··· Supplied information ···

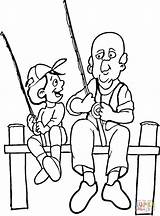 Coloring Pages Son Dad Fishing Hobby Family Colouring Clipart Drawing Patience Hobbies Color sketch template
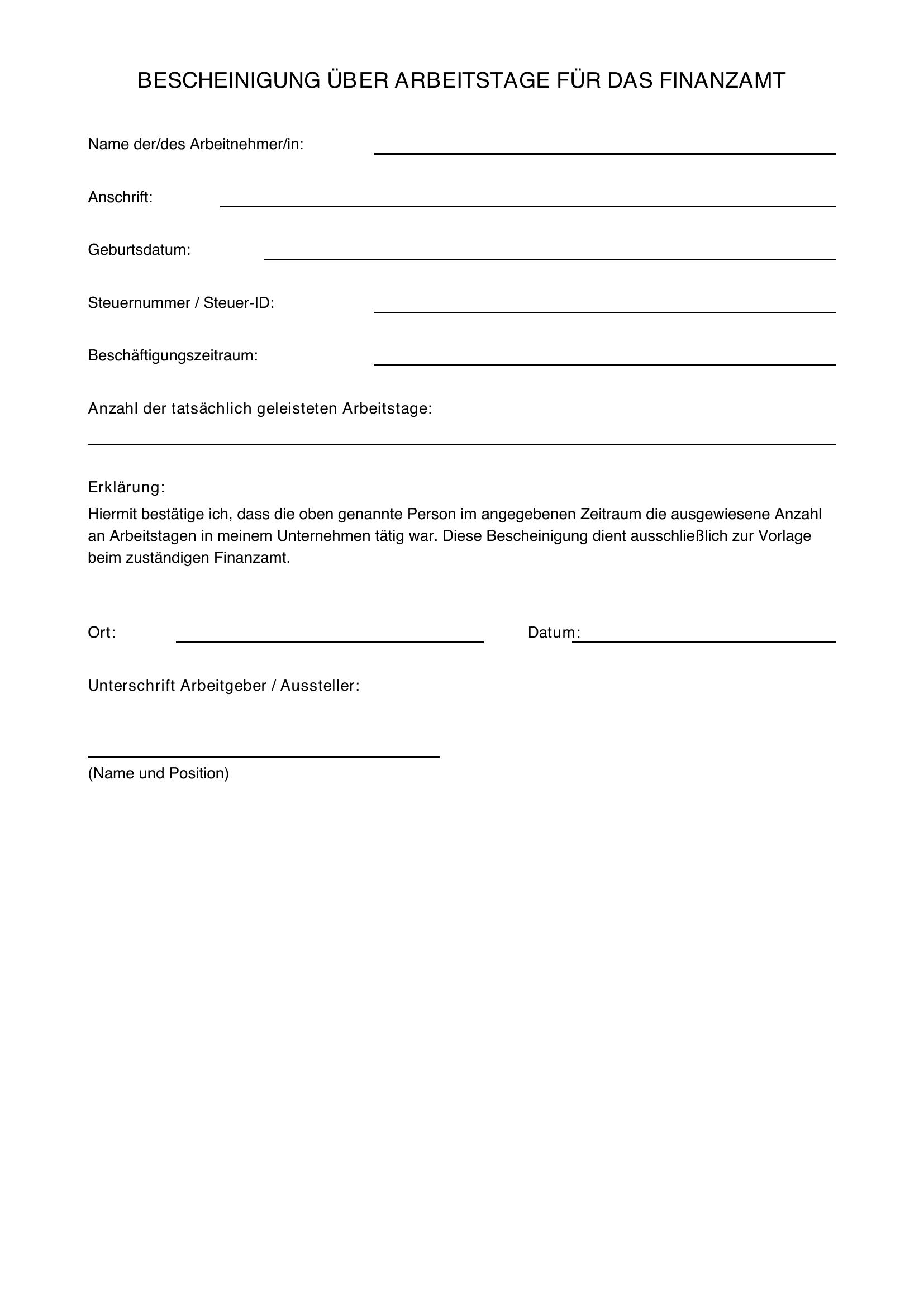 Vorlage Bescheinigung Arbeitstage Finanzamt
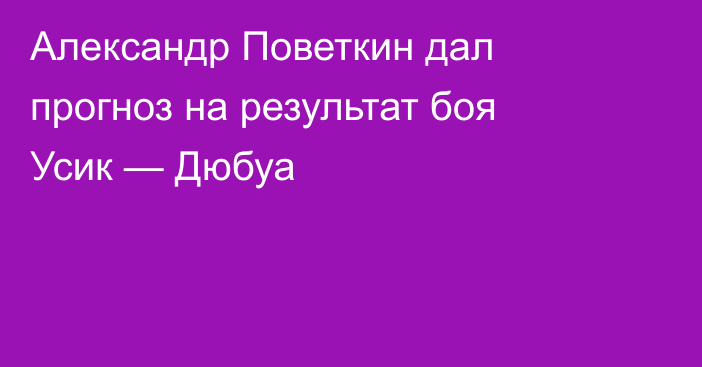 Александр Поветкин дал прогноз на результат боя Усик — Дюбуа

···

* _Problem requirements_:
Reproduce the material word for word, minus the images.

* _Result of this task_:
 Coloring Pages Son Dad Fishing Hobby Family Colouring Clipart Drawing Patience Hobbies Color sketch template
 Vorlage Bescheinigung Arbeitstage Finanzamt
 Александр Поветкин дал прогноз на результат боя Усик — Дюбуа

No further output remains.